Le football a profondément changé de nature, y compris dans la place qu’il occupe au sein de la culture populaire. Son importance génère de nombreux effets pervers, aussi bien sur le terrain des valeurs qu’à travers le modèle que son élite professionnelle propose. Alors que les yeux seront tournés vers le Qatar, cette Coupe du monde du cauchemar social et écologique (lire pages suivantes), il ne faudrait pas oublier que l’évolution de ce sport ne date pas d’hier, et qu’elle s’observe également en France. Laurent-David Samama, journaliste et auteur du livre Footporn (éditions de L’Aube), nous propose de disséquer les tendances lourdes de la mutation du football au cœur de nos sociétés.
Dans votre ouvrage Footporn (ed. de L’Aube), vous évoquez l’évolution du football et le comparez au porno…

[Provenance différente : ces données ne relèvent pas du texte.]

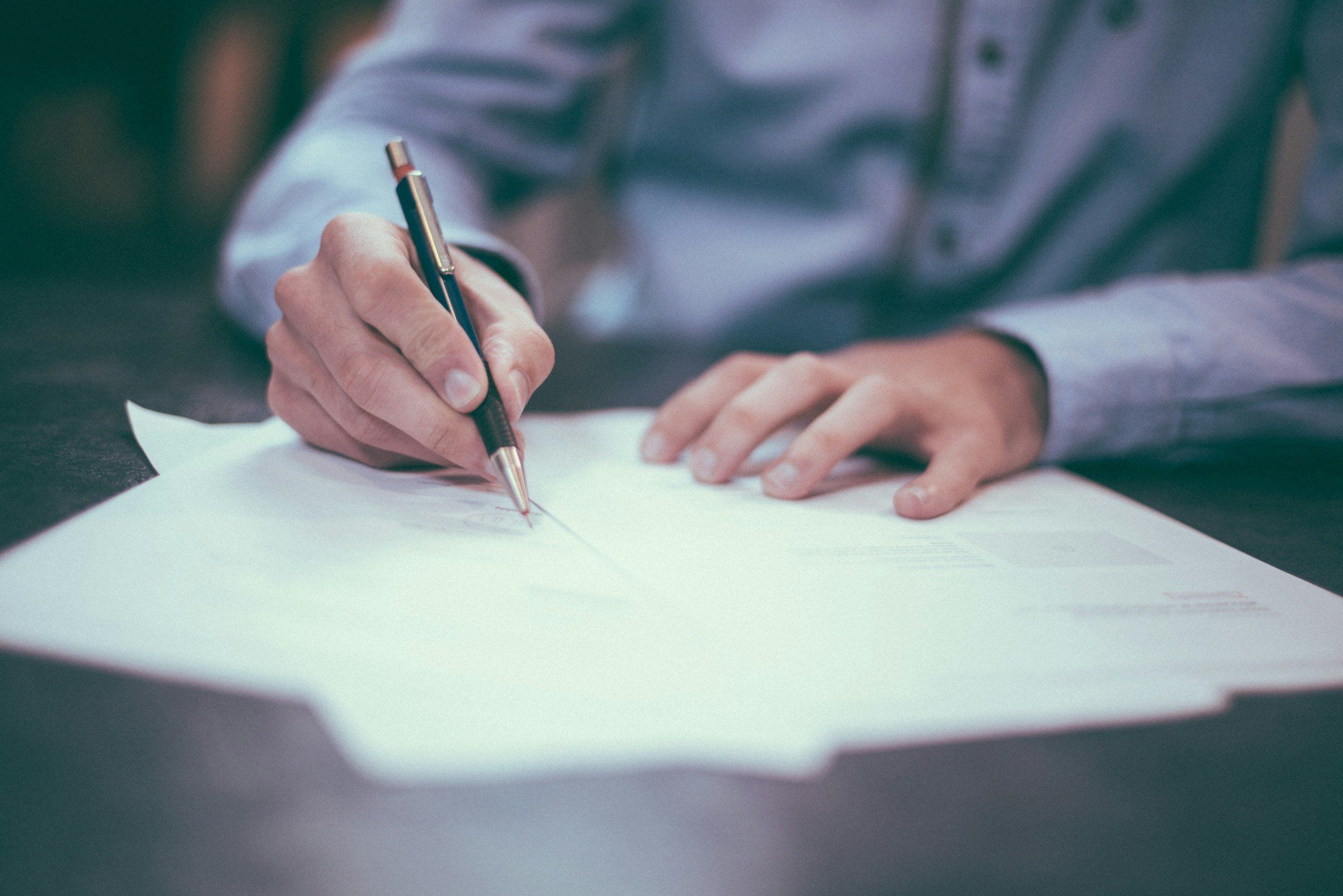 Person filling out a paper form with a pen.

Laurent-David Samama : À l’origine, le football fut créé comme un jeu conçu pour divertir les fils de la bonne société anglaise. Rapidement, il est devenu ce sport joué aux quatre coins du globe, dont se sont emparés tous les peuples ou presque, toutes les strates de la société, jusqu’à devenir une expression populaire majeure. Vint ensuite cette phase business qui n’est pas encore terminée, mais il m’apparaissait intéressant de raconter le changement suivant, l’énième mutation du foot en spectacle. Comme si notre amour pour le ballon était soluble dans les codes de l’« entertainment », il faudrait que le football soit toujours plus divertissant, riche en émotions et en rebondissements. En un mot qu’il devienne forcément désirable. De là à y voir une pornographisation à l'œuvre, il n’y a qu’un pas. Il me semblait clair que le danger était de faire de ce sport un spectacle procurant au spectateur une jouissance obligatoire, à l’instar d’un film X pensé et imaginé pour faire jouir. Or le football que j’aime regarder est parfois lassant, souvent imparfait. Il ne doit surtout pas garantir des buts. Il peut aboutir à un 0-0. C’est un football normal, peut-être à l’ancienne, non-génétiquement modifié.

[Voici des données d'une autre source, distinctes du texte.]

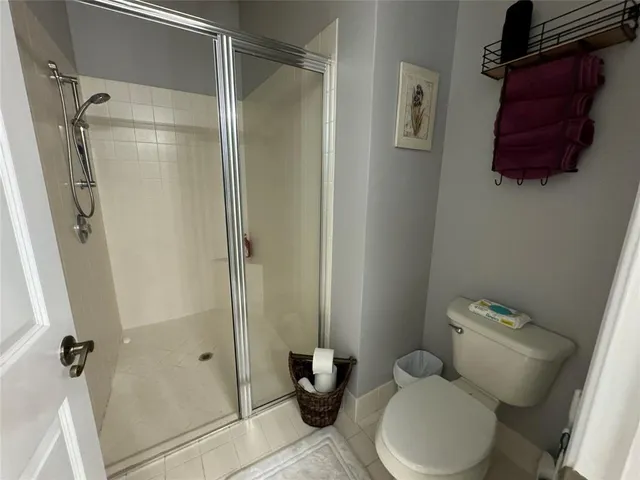 a bathroom with a toilet and a shower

Le ballon rond impacte-t-il désormais l'ensemble de la société ?
Laurent-David Samama : Je pense que le football revêt désormais une importance sociale et politique de premier ordre. Je n’ai que 35 ans, mais je me souviens que, dans les années 1990, le football en France était un fait périphérique. Il y avait certes de vrais passionnés et des villes de foot, mais rien de si déterminant qu’à l’heure actuelle. A notre époque, toute la France a un avis sur Benzema, sur Mbappé, sur Jean-Michel Aulas, sur l’ambiance au Vélodrome et les ambitions du PSG. On se cale pour le meilleur et pour le pire, sur l’euphorie et la surenchère italienne ou espagnole. Mais, parfois, trop de foot tue le foot. Dans Footporn, je raconte l’expérience de chercheurs anglais comptabilisant le nombre de matchs diffusés sur une semaine à la télévision. Près de 80 et parfois même 100 quand toutes les coupes continentales se jouent. C’est trop, et cela crée un effet de saturation. Voilà donc le glissement : le football est devenu un tel bien de consommation que le filon est exploité jusqu’à plus soif. On crée sans cesse de nouvelles compétitions, on envisage de jouer la Coupe du monde tous les deux ans plutôt que tous les quatre ans. Là encore, dans ce toujours plus (de matchs, de buts, de jouissance sportive), on peut voir une pornographisation…
Le foot amateur est-il « contaminé » par cette évolution ?
Laurent-David Samama : En bon pessimiste, il me semblerait que oui, même si rien n’est inéluctable. Les valeurs du foot amateur semblent tenir bon, mais la contagion est néanmoins là. Les jeunes imitent souvent ce qu’ils voient à la télé. Mbappé parlait de la responsabilité qu’il a lorsqu’il porte le maillot du PSG et de l’équipe de France. Il incarne quelque chose de si immense et de tellement observé que le moindre dérapage serait sur-commenté. Ce que l’on observe partout, c’est tout de même plus de violence et de nervosité sur les terrains amateurs, entre les équipes qui s’affrontent et envers les arbitres également. Soit les mêmes maux qui imprègnent toute notre société. Autre sujet de préoccupation : la pression qui pèse désormais sur les jeunes pépites, dès leur plus jeune âge. Le football est devenu un tel tremplin social qu’il permet à un joueur professionnel de faire vivre toute une famille ainsi qu’une myriade d’amis, d’agents et de conseillers. Cela pèse lourd, sitôt que l’on entrevoit la possibilité d’envoyer son enfant en centre de formation. La solution serait de sanctuariser le foot amateur. De lui permettre de viser l’épanouissement de tous plutôt que la performance de quelques-uns.